Last week, Gov. Pat Quinn gave a speech announcing his plan to solve Illinois's budget crisis. Green Party gubernatorial candidate Rich Whitney also released a comprehensive and extremely detailed budget proposal.
As for Bill Brady, the Republican on the ticket?
"It doesn't need to be put in legislation. It's not complex," Brady told the Chicago Tribune regarding his budget plan. He has repeatedly declined to give anything more than a broad-strokes outline of his budget proposals.
Brady has been critical of Gov. Quinn's proposal, especially the 33 percent tax increase that will allegedly prevent school budgets from being slashed. Many have described Quinn's portrayal of the tax hike as a false binary, saying that spending could be cut without holding schools hostage.
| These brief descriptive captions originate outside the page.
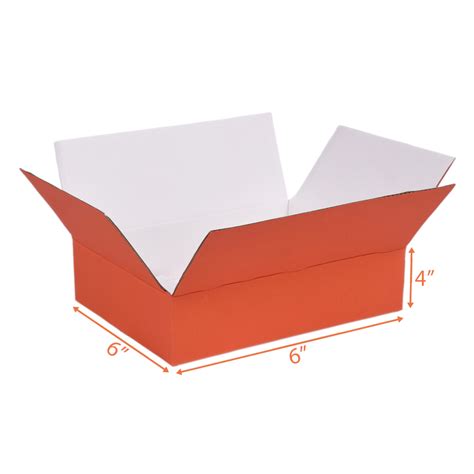 6X6X4 Orange Packing Box | Carton Box Wholesale
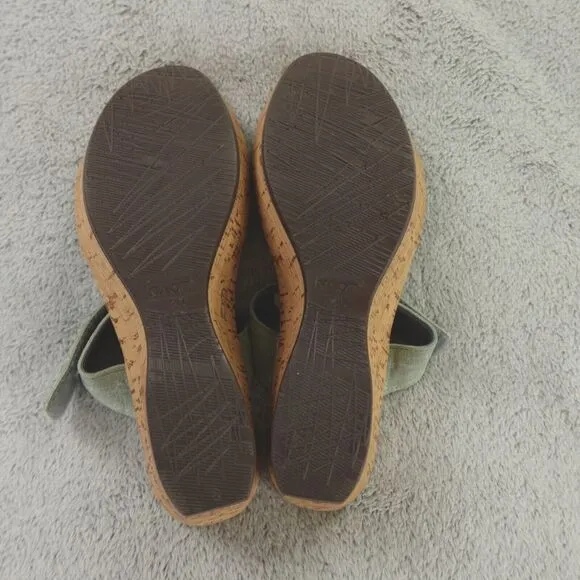 Naot Sandals Caveran Womens 9 US 40 Teal‎ Linen Cork Wedge Resort Collection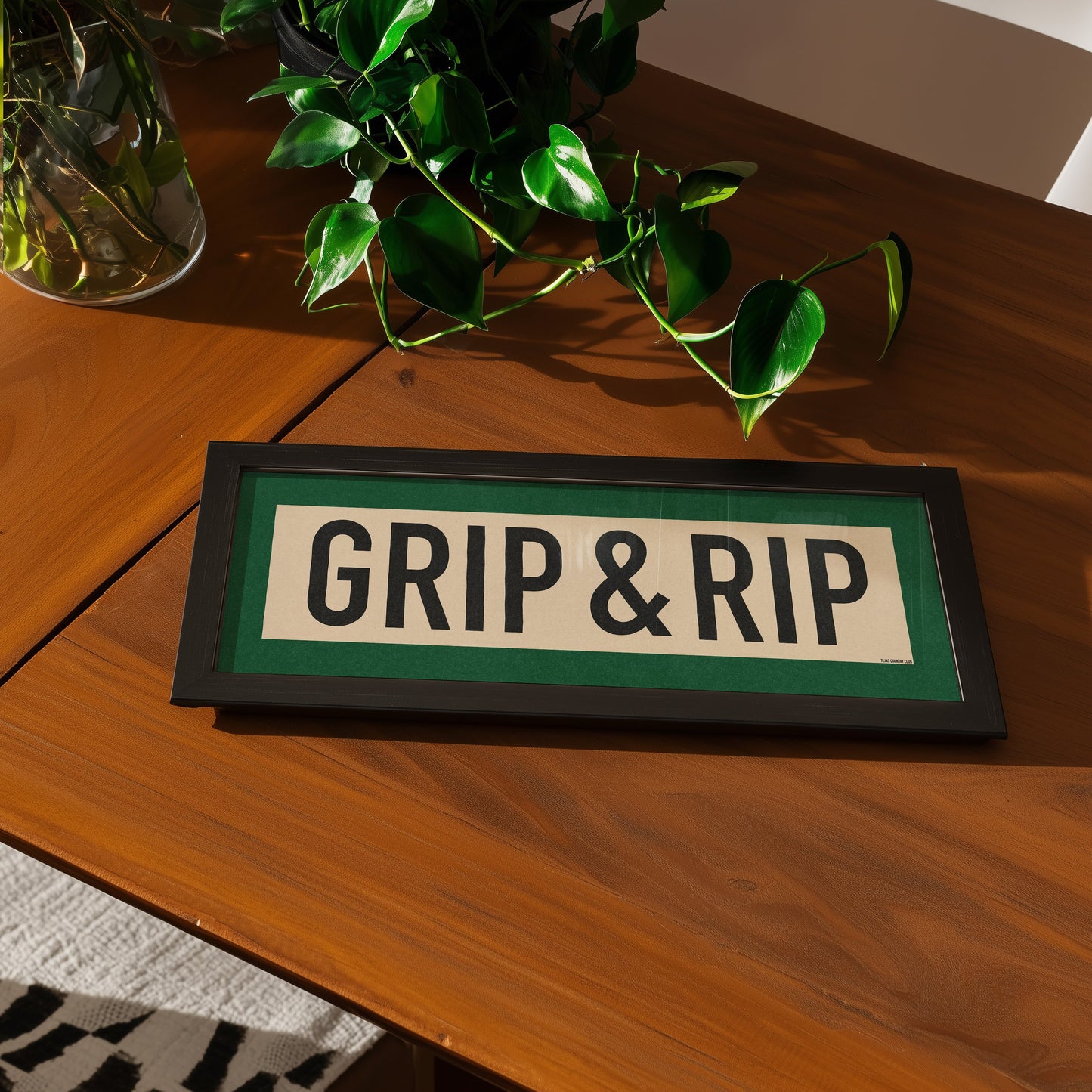 Framed Grip and Rip Golf Art Scroll Sign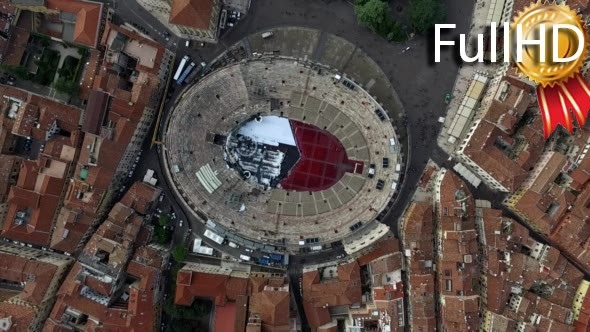 Aerial View of the City Centre of Verona and the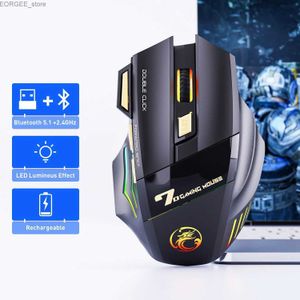 Ratos mouse sem fio mouse USB imice gw-x7 3200dpi carregamento de modo dual 7-chave de 2,4 ghz mouse silencioso bluetooth 7-cors LED Y240407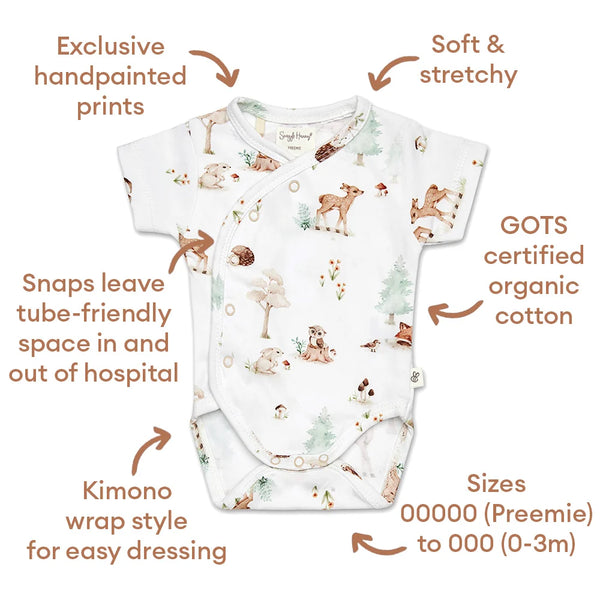 Woodland Tales Short Sleeve Organic Kimono Bodysuit - Snuggle Hunny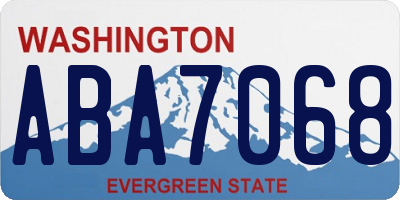 WA license plate ABA7068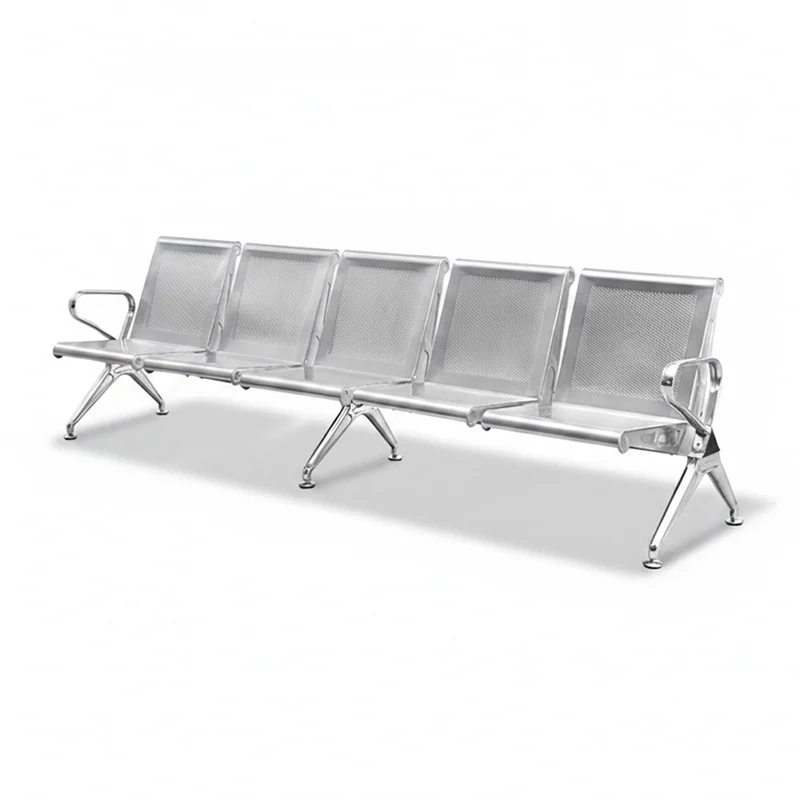 5 seater stainless steel waiting bench for high capacity airport gate hold room.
But for his own part, Brady's budget solution consists primarily of a 10-percent across-the-board budget cut. This solution has been criticized even by many in his own party, including former Illinois Governor Jim Edgar. If Brady's plan were to go through, it still would not solve the budget crisis: the state's annual spending is roughly $50 billion, so a 10 percent cut would only save $5 billion, or less than half of the massive $13-billion deficit.
Coupled with a tax cut Brady has proposed, it's unclear how the state senator's plan would balance the Illinois budget.
And whether he plans on clearing up his position is unclear. Thethe Tribune reports:
As he attacked Quinn's recent call for a 33 percent increase in the state's income tax--moving the personal rate from 3 percent to 4 percent--Brady also said he would not use his position as a state senator to sponsor his own budget plan.
... He has declined to offer budget specifics that go beyond those broad outlines.
"It doesn't need to be put in legislation. It's not complex," Brady said of his fiscal plans. "We're not going to play (the Democrats') game. They're all about politics and game playing."